Work instructions:
Quote all of the entries word for word.

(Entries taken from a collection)
---*---
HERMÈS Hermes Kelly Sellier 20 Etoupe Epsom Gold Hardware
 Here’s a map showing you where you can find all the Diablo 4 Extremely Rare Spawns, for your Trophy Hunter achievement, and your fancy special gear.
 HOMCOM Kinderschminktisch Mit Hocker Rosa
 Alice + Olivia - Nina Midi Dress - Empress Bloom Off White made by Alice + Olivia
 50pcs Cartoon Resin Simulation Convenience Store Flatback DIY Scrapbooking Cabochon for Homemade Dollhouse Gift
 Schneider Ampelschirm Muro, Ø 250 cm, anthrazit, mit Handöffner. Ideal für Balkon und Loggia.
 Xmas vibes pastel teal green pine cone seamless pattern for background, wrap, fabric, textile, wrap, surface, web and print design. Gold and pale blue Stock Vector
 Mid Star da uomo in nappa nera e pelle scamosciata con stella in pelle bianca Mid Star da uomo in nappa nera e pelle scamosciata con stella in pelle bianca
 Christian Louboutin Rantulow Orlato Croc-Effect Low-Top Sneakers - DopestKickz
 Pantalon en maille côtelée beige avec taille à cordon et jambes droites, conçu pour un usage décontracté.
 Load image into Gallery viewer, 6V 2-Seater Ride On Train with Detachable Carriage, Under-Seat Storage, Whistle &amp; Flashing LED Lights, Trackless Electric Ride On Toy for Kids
---*---
Problem solution:
HERMÈS Hermes Kelly Sellier 20 Etoupe Epsom Gold Hardware
 Here’s a map showing you where you can find all the Diablo 4 Extremely Rare Spawns, for your Trophy Hunter achievement, and your fancy special gear.
 HOMCOM Kinderschminktisch Mit Hocker Rosa
 Alice + Olivia - Nina Midi Dress - Empress Bloom Off White made by Alice + Olivia
 50pcs Cartoon Resin Simulation Convenience Store Flatback DIY Scrapbooking Cabochon for Homemade Dollhouse Gift
 Schneider Ampelschirm Muro, Ø 250 cm, anthrazit, mit Handöffner. Ideal für Balkon und Loggia.
 Xmas vibes pastel teal green pine cone seamless pattern for background, wrap, fabric, textile, wrap, surface, web and print design. Gold and pale blue Stock Vector
 Mid Star da uomo in nappa nera e pelle scamosciata con stella in pelle bianca Mid Star da uomo in nappa nera e pelle scamosciata con stella in pelle bianca
 Christian Louboutin Rantulow Orlato Croc-Effect Low-Top Sneakers - DopestKickz
 Pantalon en maille côtelée beige avec taille à cordon et jambes droites, conçu pour un usage décontracté.
 Load image into Gallery viewer, 6V 2-Seater Ride On Train with Detachable Carriage, Under-Seat Storage, Whistle &amp; Flashing LED Lights, Trackless Electric Ride On Toy for Kids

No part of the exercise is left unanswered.